Это было накануне вечером. В отдаленном уголке оранжереи слышится сдавленный плач. Не громкий, надсадный и обиженный рев, не рыдания навзрыд и на публику. Просто отдельные всхлипы, сдержанные, но от этого не менее горькие...

На пороге оранжереи появляется визитер. Это Дама, как говорят, «в летах», хотя и по-особому эффектная. Сухопарая, несколько чопорной наружности. Тоже знакомая Ортии по предыдущему сну.

Это сон? Странно. А ощущения совсем иные. Все еще более реалистично, чем в прошлый раз!

На пороге оранжереи Зинаида Сергеевна Аксакова. Напряженно вглядывается в полумрак, откуда слышны эти странные звуки.

- Кто здесь? – требовательно произносит пожилая воспитательница. – Что случилось?

- Ни-че-го, - слышится из сумерек голос молодой женщины. Голос, прерываемый рыданиями.

- О, Господи! Эльвира! – по звучанию этих искренних слов Ортии становится понятны две вещи. Нет, даже три.

Первое.
Условная «вражда» этих «викторианских дам» давно закончена. И это радует.

Второе.
Они друг другу, как минимум, симпатизируют. Что тоже внушает определенный оптимизм.

Третье.
У них, похоже, нет друг от друга никаких секретов. И это тоже хорошо.

- Все в порядке! – Эльвира появляется из сумрака рядом с выходом. Похоже, она хочет уйти, но в последнюю секунду Зинаида Сергеевна буквально перехватывает девушку и разворачивает ее к себе.

- Эльвира! Что с тобой? – спрашивает она голосом, полным тревоги за ее странное состояние.

- Я... – девушка пытается спрятать свои заплаканные глаза, но госпожа Аксакова решительно тянет ее внутрь оранжереи и буквально заставляет присесть на маленькую скамейку, пристроившуюся возле самого входа. Сама ее Старшая немедленно усаживается рядом.

- Говори, - госпожа Аксакова своей левой рукой сжимает руку девушки, а своей правой рукой мягко проводит по лицу юной воспитательницы. Так и есть, она ничуть не ошиблась! Девушка явно плакала. Вот только что стало причиной ее слез?

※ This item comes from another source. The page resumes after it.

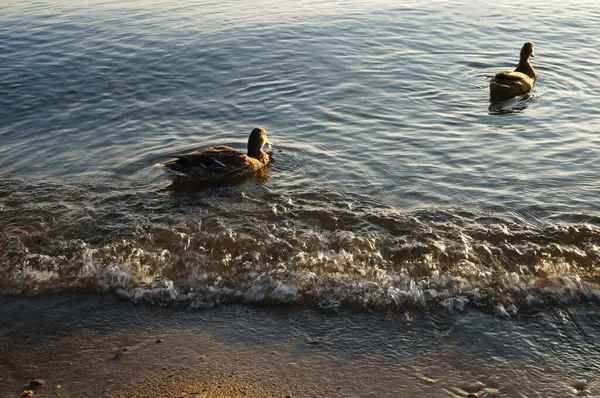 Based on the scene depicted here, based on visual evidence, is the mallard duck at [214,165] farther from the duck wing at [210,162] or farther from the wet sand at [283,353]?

- Пожалуйста, Эльвира! – Зинаида Сергеевна настойчива. – Что стряслось? Кто тебя обидел?

- Никто, - девушка поднимает на нее свой взгляд, и пожилая воспитательница видит в нем даже не страх, а какой-то ужас.

- Эльвира! - госпожа Аксакова удивленно качает головою, - Да что же тебя так напугало-то?

- Она выбрала меня! – девушка шепчет эти слова чуть слышно. – Маша Снигирева выбрала меня!

- Снигирева? – Зинаида Сергеевна вспоминает, что так зовут одну из воспитанниц, правда, вовсе не из класса, который ведет эта девушка, а из другого класса, которым руководит Аглая Петровна Некрасова. И тут до нее доходит смысл всех этих слез и страха юной воспитательницы. – Так это та самая, наша «поджигательница шкафа»? Девочка-отличница, которая три дня назад устроила переполох на всю Академию? Так Маша попросила тебя об этом... альтернативном наказании?

- Да! – девушка, похоже, все еще надеется на то, что это какой-то страшный сон. – Зинаида Сергеевна, милая моя! Ну, за что же мне это? Я же не могу!

- Эльвира! - госпожа Аксакова, откровенно говоря, уже долгое время думала над таким вариантом, зная о доброте юной воспитательницы, и о том, что она всегда была принципиальной противницей применения розог, ремня и иных болевых телесных воздействий в отношении девочек. И вот теперь она решает, что пришло время для реализации результатов ее размышлений о том, как заставить эту милую девушку принять систему этих самых «альтернативных наказаний», примириться с нею. И, для начала, «снимает» личный барьер, «убирая» дистанцию общения. – Прежде всего, напомню, что мы с тобою давно уже «на ты».

- Зинаида Сергеевна... - девушка опускает свой взор в неловкости от такого доверия, чрезмерного на ее взгляд. – Зинаида... Прости, я просто сбиваюсь. Все-таки, ты много старше. И я никак не привыкну к тому, что у нас нужно общаться немного иначе, чем в других пансионах…

- В педагогике, на самом деле, нет ни чинов, ни званий, ни возраста, ни иных показателей формального опыта, которые выступят мерилами его истинности и справедливости, - мягко улыбается ее визави. - А есть обычные добрые и совестливые люди, для которых нет, и не может быть застывших истин. Для них существует только один путь, один-единственный. Вечный поиск правильных действий и решений, вечные сомнения, ошибки и находки. У каждого свои, и в каждом случае особенные. Все дети, которых мы призваны учить, разные, а потому мы вечные импровизаторы. И если что-то повторяем, то все равно каждый раз делаем это немного иначе.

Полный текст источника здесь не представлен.